Земля, она ведь для всех своя, родная. И для городских, и для деревенских. На выполнение Продовольственной программы райком партии все население поднимает. За последние годы заводоуковцы культуру земледелия повысили заметно. Удобрения теперь вразброс не вносят, а заделывают зерновыми сеялками. Все хозяйства отказались от авиации, свои опрыскиватели сделали. Природу не губят и от погоды не зависят. Семена выбрали лучшие, апробированные, количеством сортов не увлекаются: пшеница — «ронг», овес — «астра», ячмень — «луч». Этой весной и ржи будет только один сорт — «чулпан». И сев пойдет, как и раньше, — потоком, все друг за другом, «без пыли», как здесь говорят. Главное, сохранить влагу, чтобы в начале лета и при суховеях зерно быстро шло в рост, силу набирало…
— Все вроде предусмотрели, — вздыхает Чалков, — но у нас хоть и начало Сибири, а погода сейчас стала такие фортеля выкидывать, что не знаешь, как и маневрировать. А маневрировать надо. Хочется в этом году не на одну, а на две ступеньки подняться. Надежды и на РАПО возлагаем, на безнарядные звенья. И, конечно, на всех людей наших. К севу район готов полностью, хоть завтра пускай агрегаты…
За леском показались поля колхоза имени Жданова. А потом и Колесниково — центральная усадьба. Тогда, четыре года назад, Чалков к селу не проехал даже на «газике». Надев резиновые охотничьи сапоги, пошел пешком. На улицах было еще грязнее, чем на дороге. А теперь все тут было заасфальтировано. И всюду виднелись новостройки: пекарня, жилые дома, школа, контора, клуб, спортивный зал, животноводческие комплексы. Довольная улыбка не сходила с губ Николая Андреевича. Какое-то время он был тут как бы вторым председателем: взялся помочь колхозу, доводи дело до конца. Колесниково теперь наступает на пятки передовикам. Нелегко было найти в этот дальний угол руководителя. Пригляделся тогда Чалков к председателю «Красного Октября» Предыгеру и уговорил его перебраться в Колесниково. Предыгер человек серьезный, глубоко партийный. Потом они вместе и другие кадры пообновили, коллектив сумели настроить.

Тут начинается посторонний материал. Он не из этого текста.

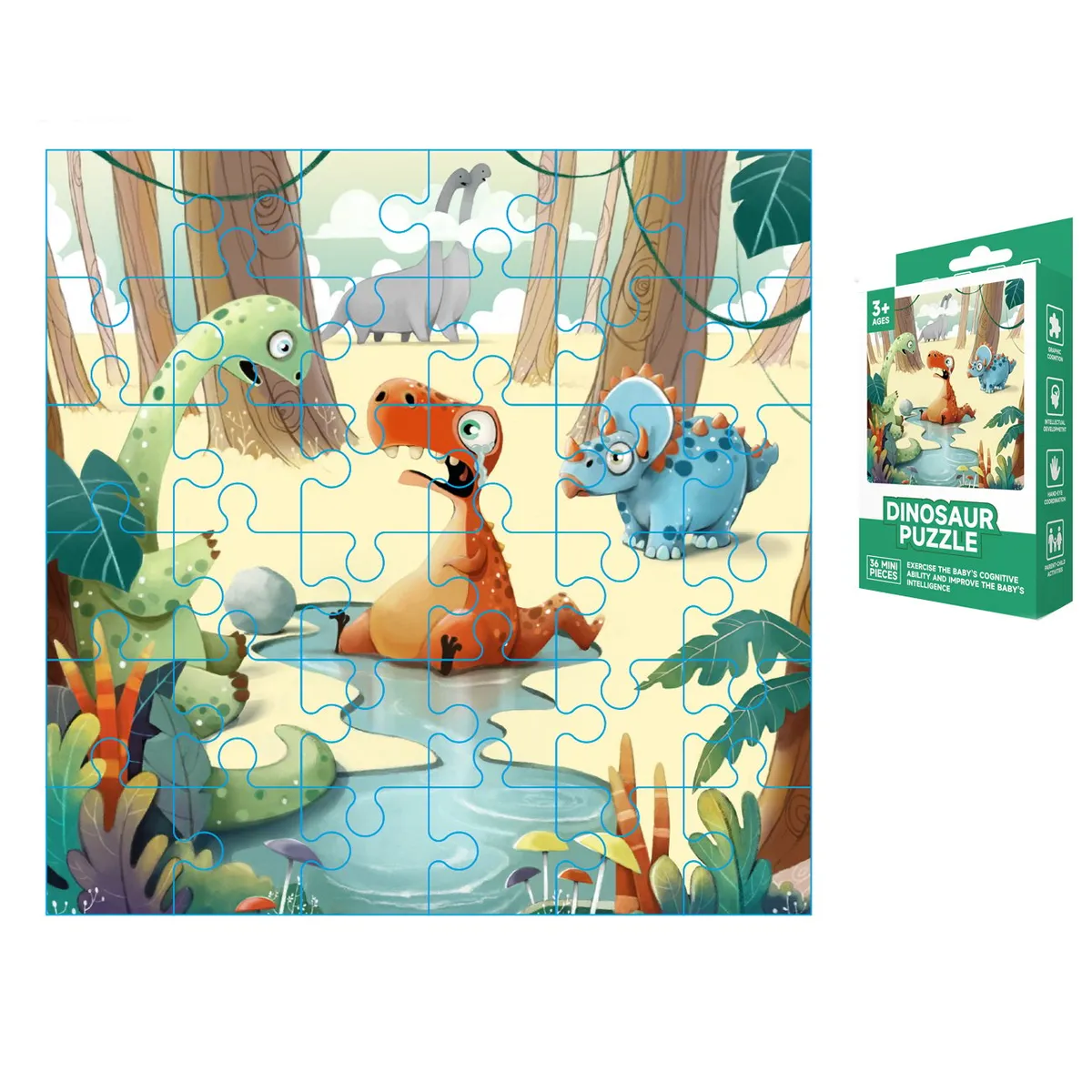 GENERICO - Tema Dinosaurios Puzzles Educativos Juguetes Para Niños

Предыгер прижился здесь. Он немец по национальности, Иоганес Иоганесович. Но зовут все Иваном Ивановичем. Он привык к этому и, когда протягивает руку для знакомства, так и говорит:
— Предыгер. Иван Иванович…
Появившись в Колесникове, Чалков как-то быстро растворился среди людей. Он был тут как рыба в воде. Я не стал его искать и пошел осматривать село. Дел у секретаря райкома много, во все тонкости его работы на ходу все равно не вникнешь.

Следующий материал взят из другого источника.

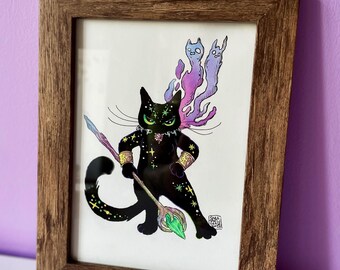 神秘的な黒猫の魔法使いのオリジナルイラスト（フレーム入り） - Etsy 日本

А к вечеру, на обратном пути, Чалков, подводя итоги поездки в Колесниково, сказал:
— Толковый парень есть, из местных, один из ведущих коммунистов. Вот его и будем рекомендовать в секретари колхозного парткома. Думаю, что собрание поддержит. Без надежной партийной тяги Предыгеру трудно. Забот у них разных еще лопатой не разгребешь…
В субботу, с утра, прежде чем идти в райком, Николай Андреевич решил немножко покопаться в своем садике. Садик у Чалковых так, название одно: малины рядок, кусты смородины, грядки. Но любит Николай Андреевич этот пятачок земли, как и всю свою родную Тюмению. Он и в отпуск последние годы никуда не ездит, а забирается на Армизонские озера, где карасей «пополам с водой». Живет в шалаше, уху варит, бродит по буреломам, и спадают постепенно с души годовая усталость, напряжение, мелочи житейские…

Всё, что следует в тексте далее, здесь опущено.